● **Problem requirements**
In full and word for word, copy the records that follow.

● **Records supplied**
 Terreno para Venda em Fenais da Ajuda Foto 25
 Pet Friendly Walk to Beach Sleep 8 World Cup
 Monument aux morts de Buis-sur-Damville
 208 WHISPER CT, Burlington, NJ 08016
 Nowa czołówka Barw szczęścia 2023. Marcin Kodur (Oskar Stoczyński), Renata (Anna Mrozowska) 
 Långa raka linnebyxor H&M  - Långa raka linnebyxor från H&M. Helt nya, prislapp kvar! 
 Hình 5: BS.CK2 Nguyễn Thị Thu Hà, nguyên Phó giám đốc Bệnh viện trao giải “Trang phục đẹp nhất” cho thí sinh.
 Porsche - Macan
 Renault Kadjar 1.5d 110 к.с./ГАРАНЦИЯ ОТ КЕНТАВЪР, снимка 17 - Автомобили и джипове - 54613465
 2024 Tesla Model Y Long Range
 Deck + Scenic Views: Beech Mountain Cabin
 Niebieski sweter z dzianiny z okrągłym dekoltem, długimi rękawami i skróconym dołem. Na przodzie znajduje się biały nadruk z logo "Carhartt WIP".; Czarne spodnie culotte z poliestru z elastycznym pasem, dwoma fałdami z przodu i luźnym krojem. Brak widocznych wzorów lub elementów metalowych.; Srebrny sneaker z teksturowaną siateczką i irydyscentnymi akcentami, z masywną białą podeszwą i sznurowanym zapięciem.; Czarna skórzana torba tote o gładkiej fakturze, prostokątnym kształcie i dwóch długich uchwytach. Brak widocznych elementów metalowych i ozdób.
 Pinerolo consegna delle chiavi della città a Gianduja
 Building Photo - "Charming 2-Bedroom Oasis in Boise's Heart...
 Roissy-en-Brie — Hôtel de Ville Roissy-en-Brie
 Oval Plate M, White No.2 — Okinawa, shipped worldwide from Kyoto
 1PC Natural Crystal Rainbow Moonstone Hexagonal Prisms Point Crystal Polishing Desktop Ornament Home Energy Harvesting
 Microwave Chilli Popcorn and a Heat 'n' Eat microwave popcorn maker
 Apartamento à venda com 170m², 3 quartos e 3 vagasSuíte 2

● **Answer**
 Terreno para Venda em Fenais da Ajuda Foto 25
 Pet Friendly Walk to Beach Sleep 8 World Cup
 Monument aux morts de Buis-sur-Damville
 208 WHISPER CT, Burlington, NJ 08016
 Nowa czołówka Barw szczęścia 2023. Marcin Kodur (Oskar Stoczyński), Renata (Anna Mrozowska) 
 Långa raka linnebyxor H&M  - Långa raka linnebyxor från H&M. Helt nya, prislapp kvar! 
 Hình 5: BS.CK2 Nguyễn Thị Thu Hà, nguyên Phó giám đốc Bệnh viện trao giải “Trang phục đẹp nhất” cho thí sinh.
 Porsche - Macan
 Renault Kadjar 1.5d 110 к.с./ГАРАНЦИЯ ОТ КЕНТАВЪР, снимка 17 - Автомобили и джипове - 54613465
 2024 Tesla Model Y Long Range
 Deck + Scenic Views: Beech Mountain Cabin
 Niebieski sweter z dzianiny z okrągłym dekoltem, długimi rękawami i skróconym dołem. Na przodzie znajduje się biały nadruk z logo "Carhartt WIP".; Czarne spodnie culotte z poliestru z elastycznym pasem, dwoma fałdami z przodu i luźnym krojem. Brak widocznych wzorów lub elementów metalowych.; Srebrny sneaker z teksturowaną siateczką i irydyscentnymi akcentami, z masywną białą podeszwą i sznurowanym zapięciem.; Czarna skórzana torba tote o gładkiej fakturze, prostokątnym kształcie i dwóch długich uchwytach. Brak widocznych elementów metalowych i ozdób.
 Pinerolo consegna delle chiavi della città a Gianduja
 Building Photo - "Charming 2-Bedroom Oasis in Boise's Heart...
 Roissy-en-Brie — Hôtel de Ville Roissy-en-Brie
 Oval Plate M, White No.2 — Okinawa, shipped worldwide from Kyoto
 1PC Natural Crystal Rainbow Moonstone Hexagonal Prisms Point Crystal Polishing Desktop Ornament Home Energy Harvesting
 Microwave Chilli Popcorn and a Heat 'n' Eat microwave popcorn maker
 Apartamento à venda com 170m², 3 quartos e 3 vagasSuíte 2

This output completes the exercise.